John M. Wolford, Erie, for appellant.

Howard N. Plate, Quinn, Leemhuis, Plate & Dwyer, Erie, for appellee.

Before Hirt, Acting P. J., and Ross, Gunther, Wright, Woodside and Ervin, Jj.

Author: Wright

[ 176 Pa. Super. Page 99]

WRIGHT, Judge.

This is a workmen's compensation case. The controlling issue is whether claimant was injured in the course of her employment, Act of June 2, 1915, P.L. 736, § 301(e), as amended, 77 P.S. § 411, which presents a question of law: Rybitski v. Lebowitz, 175 Pa. Super. 265, 104 A.2d 161. The lower court affirmed an award by the Workmen's Compensation Board, and entered judgment in favor of the claimant. This appeal followed.

At the time of the accident, appellant operated a summer hotel at Cambridge Springs, Crawford County*fn1 Appellee was employed for the summer season under a written contract which provided, inter alia, that she should 'have charge of and prepare all cooking of food, pastries, cakes, et cetera, as may be required to feed and serve all patrons, help and management of said Hotel; to live on the premises and be available at all times for the efficient operation of the

[ 176 Pa. Super. Page 100]

    kitchens of said Hotel' (Italics supplied.) At eight o'clock p. m. on Sunday, August 24, 1947, appellee had finished serving supper, and had made preparations to bake cakes for the next day. She told Mrs. Friedman, 'I am running up to the shower to change my clothes, and in case anything goes on in the kitchen you be around'. Mrs. Friedman replied, 'Certainly'. While in the shower, appellee slipped and fell against the bathtub, injuring her leg, back and head. She was not certain what had caused her to slip, stating, 'Maybe it was a piece of soap or something'. Appellee testified that her working hours were unlimited, sometimes eighteen to twenty hours a day. It was necessary for her to take several showers during that period because of the excessive heat, being customarily released by her employer for that purpose.

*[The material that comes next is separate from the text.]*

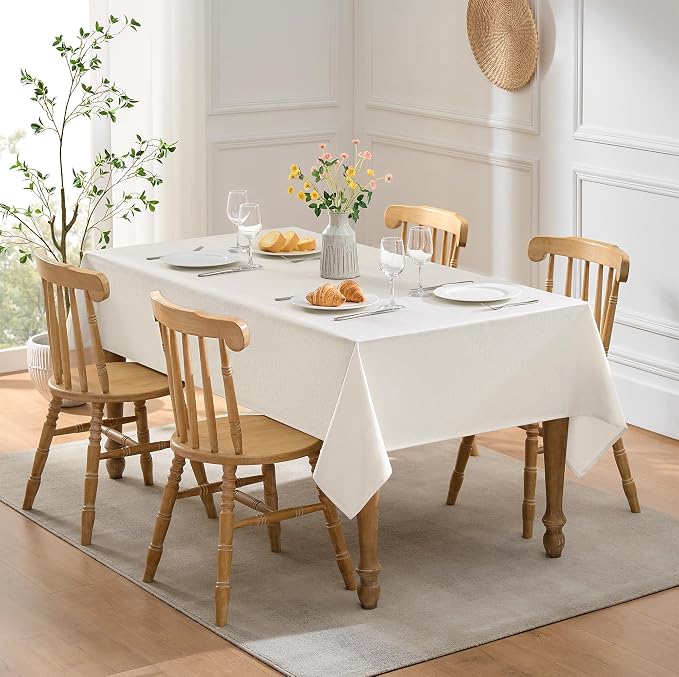 Decorelia Faux Linen Farmhouse Table Cloth 60"x144" for 10 ft Rectangle Table, Ivory Waterproof Outdoor Washable Cloth Tablecloth for Rectangular Dining Room Kitchen Outdoor Party Restaurant Table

She also testified that, after the accident, she returned to the kitchen and directed the baking operation.

Section 301(c) of the Workmen's Compensation Act of June 2, 1915, P.L. 736, as amended, 77 P.S. § 411, provides in pertinent part that the term 'injury by an accident in the course of his employment' shall include injuries 'sustained while the employe is actually engaged in the furtherance of the business or affairs of the employer, whether upon the employer's premises or elsewhere, and shall include all injuries caused by the condition of the premises or by the operation of the employer's business or affairs thereon, sustained by the employe, who, though not so engaged, is injured upon the premises occupied by or under the control of the employer, or upon which the employer's business or affairs are being carried on, the employe's presence thereon being required by the nature of his employment'. Counsel for appellant contends that recovery by the appellee must be upon the basis that she was actually engaged in the furtherance of the

[ 176 Pa. Super. Page 101]

    business of the employer when the accident happened, irrespective of where it occurred. His position is that the accident here under consideration was not caused by the condition of the premises or by the operation of the employer's business thereon.

Our Workmen's Compensation Act does not require that the injury 'arise out of the employment', but only that it occur 'in the course of the employment': Hale v. Savage Fire Brick Co., 75 Pa. Super. 454. The term 'course of employment' has been uniformly held to include intervals of time for leisure interspersed in regular working hours for rest or refreshment on the premises. In the early case of Dzikowska v. Superior Steel Co., 259 Pa. 578, 103 A. 351, L.R.A.1918F, 888, during an interval of leisure on the premises, an employe struck a match for the purpose of lighting a cigarette. His clothes, saturated with oil, caught fire and he was fatally burned. In allowing compensation, the Supreme Court laid down the rule that acts of ministration by an employe to himself, performance of which while at work are reasonably necessary to his health and comfort, are ...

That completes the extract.